What came out of the Vilnius summit

Ukraine’s position on NATO has toughened in recent months. Ahead of Vilnius, it demanded that it should receive either immediate membership at the summit, or a clear invitation to join the alliance within a fixed time frame.

On 11 July, as NATO members were set to publish a joint communique, the Ukrainian president released a public statement expressing discontent that work on the document had been conducted without Ukraine’s involvement, and that it contained neither of his demands.

“It seems there is no readiness either to invite Ukraine to NATO, nor to make it a member of the alliance,” Zelenskyi wrote.

But Sporrer believes Ukraine received the maximum possible within existing political will in the West: “All that the countries actually could do, without doing what they thought might endanger their own countries or governments, was actually done.”

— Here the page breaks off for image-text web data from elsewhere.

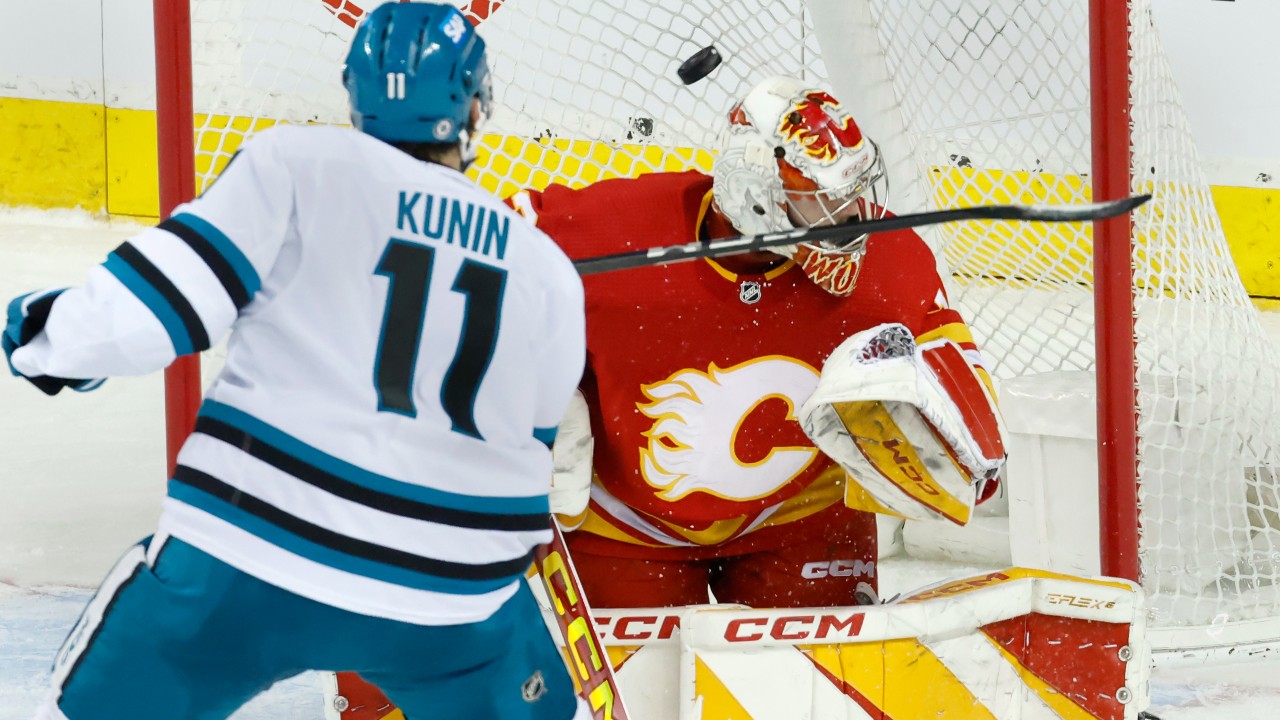 Flames’ Dustin Wolf far from his standard in disappointing loss to Sharks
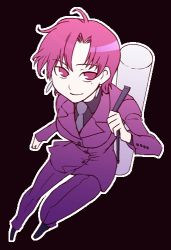 Rule 34 | 00s, 1girl, bazett fraga mcremitz, black shirt, fate/hollow ataraxia, fate/stay night, fate (series), formal, lowres, necktie, outline, red eyes, red hair, red suit, shirt, solo, suit, transparent background, white outline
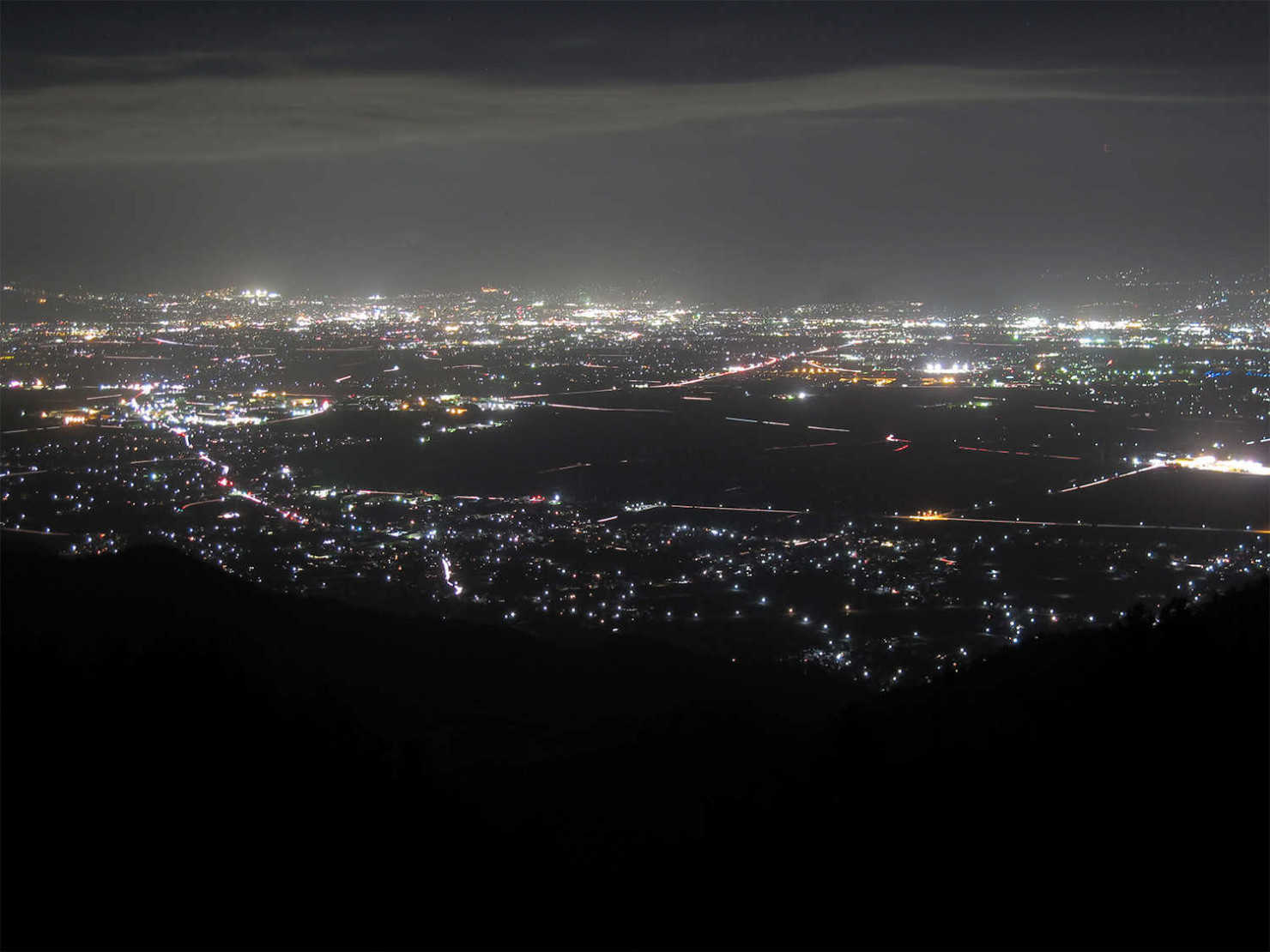 山形村の清水高原から夜景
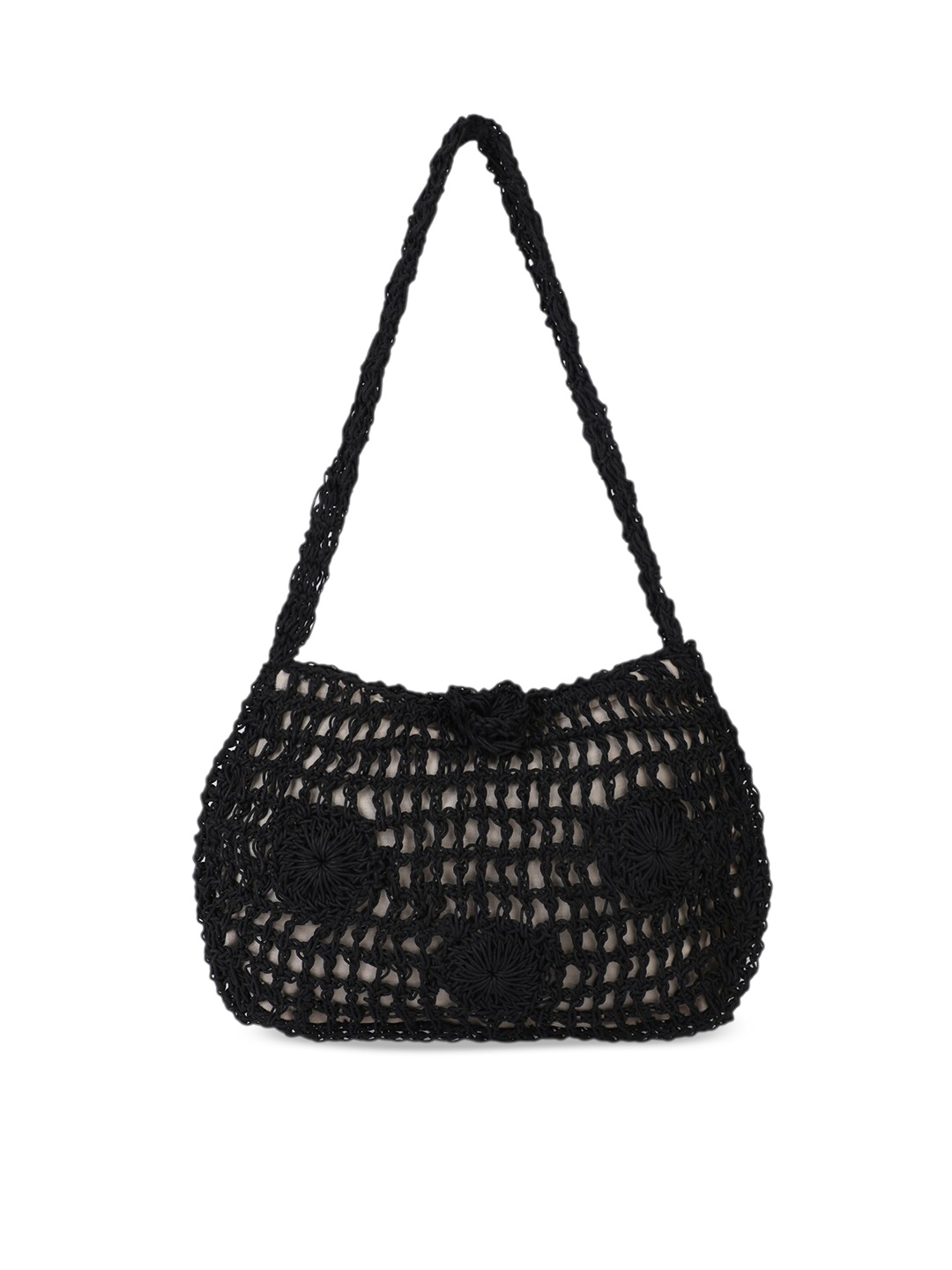

Rediscover Fashion Self Design Structured Shoulder Bag, Black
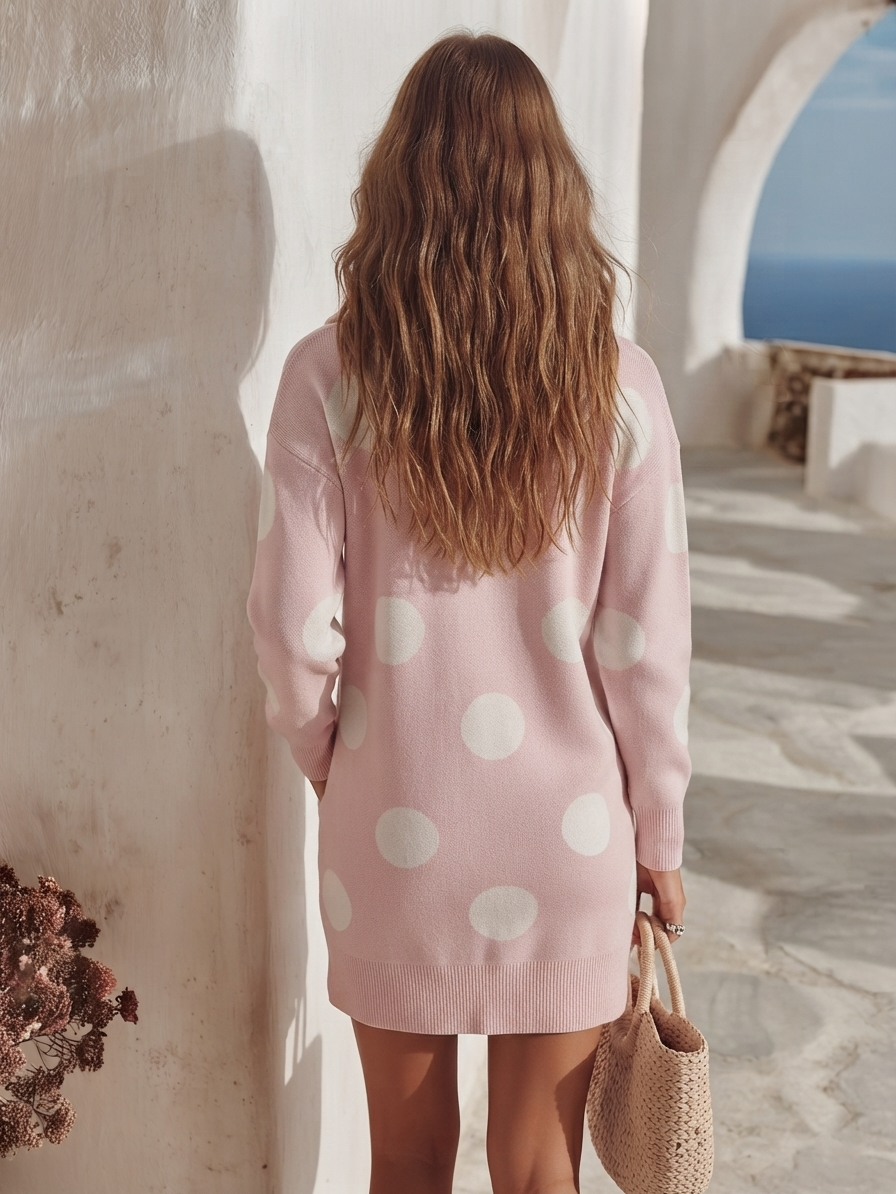 Resort Vibe Pink White Polka Dot Half Zip Stand Collar Knit Mini Dress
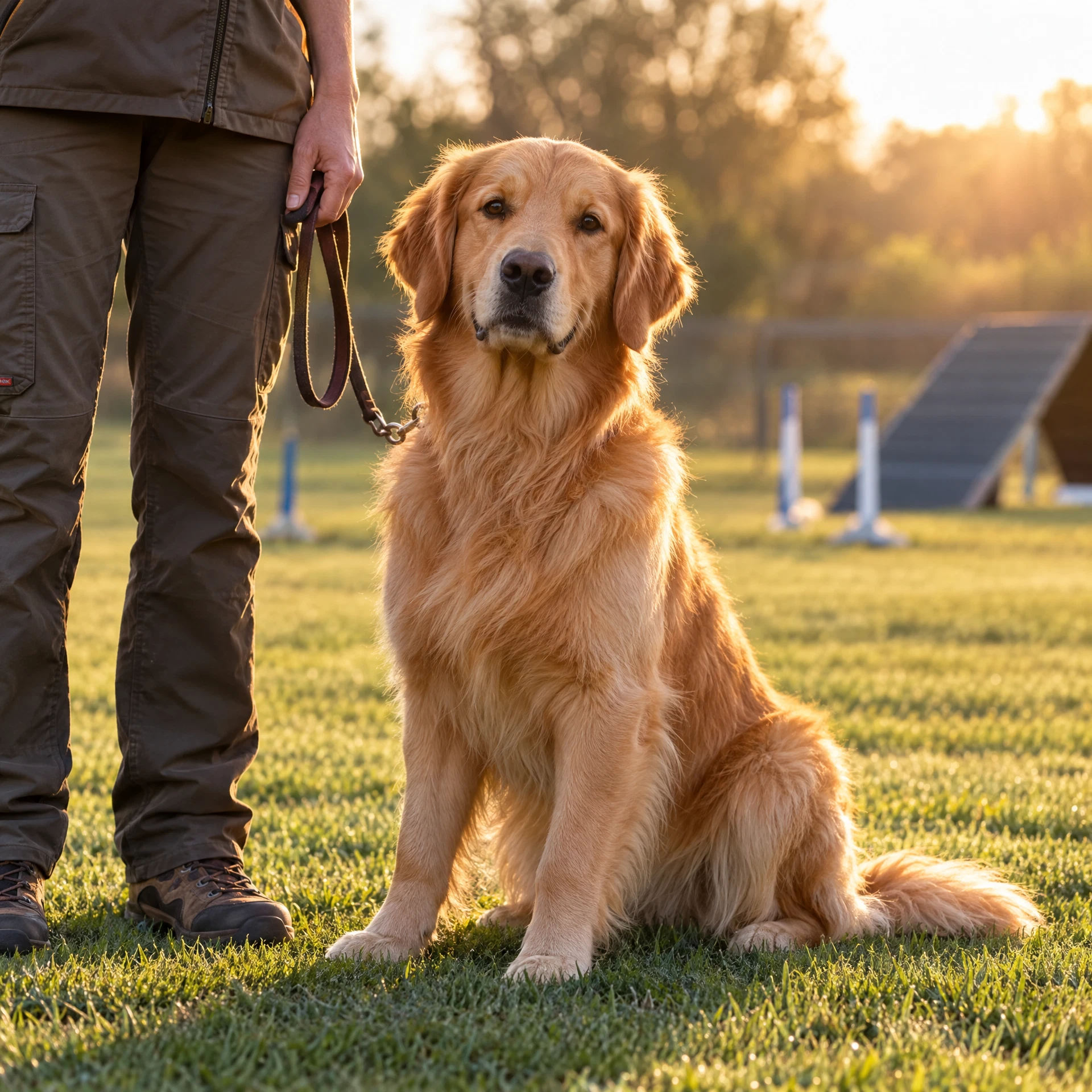 Max, Golden Retriever, atento junto a su entrenador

The primary support offered to Ukraine is a declaration signed by G7 members saying allies will support Ukraine over the coming years to end the war, and deter and respond to any future attacks. The document is not legally binding, although it sets out plans for Ukraine to sign binding security agreements with each of the G7 states. The countries agreed on continued provision of military aid, development of Ukraine’s own defence industry, training, and cooperation between intelligence agencies in the signatory states.

Still, the lack of commitment on NATO membership for Ukraine in Vilnius is reminiscent of the 2008 NATO Summit in Bucharest: back then, Ukraine received the now-infamous promise that it would eventually become a member of NATO, with no time frame attached. And while Sporrer believes that the commitments Ukraine received this week will help the country win against Russia, the Vilnius summit, he said, did not change Ukraine’s situation in terms of long-term commitments to NATO.

For Zelenskyi, this ambiguity over the West’s security commitments could signal a “window of opportunity” for the West to “bargain over Ukraine’s membership in NATO in negotiations with Russia”. Vladimir Putin’s press secretary Dmitry Peskov has called the new security guarantees “an encroachment on the security of Russia”.

Escalation fear

Ukraine’s aspiration to join NATO is surrounded by fears over Russia’s reaction, and how that could influence its military posturing.

On the other hand, “it's hard to imagine any worse threats from Russia than we [have] already experienced,” says Serhiy Kudelia, a Ukrainian political science professor who teaches in the US. “Aggression [has] happened even though we have not received any guarantees from NATO, or any timeline.”

One camp of experts and observers believes that giving Ukraine a “clear timeline” or pledge that it could join NATO after the war is over “will only incentivise Russia to keep fighting,” he added.

But others say that taking Ukraine’s NATO membership off the table gives Russia reasons to keep fighting as it achieves its goal of controlling its neighbour’s foreign policy.

“I think that we have unfortunately reached a stage where Russia is going to continue fighting this war until there is either some kind of political agreement or some significant development in the field,” said Sporrer who led the ‘Human Dimension Department’ at the OSCE’s Special Monitoring Mission to Ukraine.

In any case, it has become clear that Russia is at least capable of postponing Ukraine's NATO membership, says Kudelia.

The next NATO summit is in 2024 in Washington – and Ukraine has already signalled that it is pinning its hopes on being able to join the alliance at that meeting.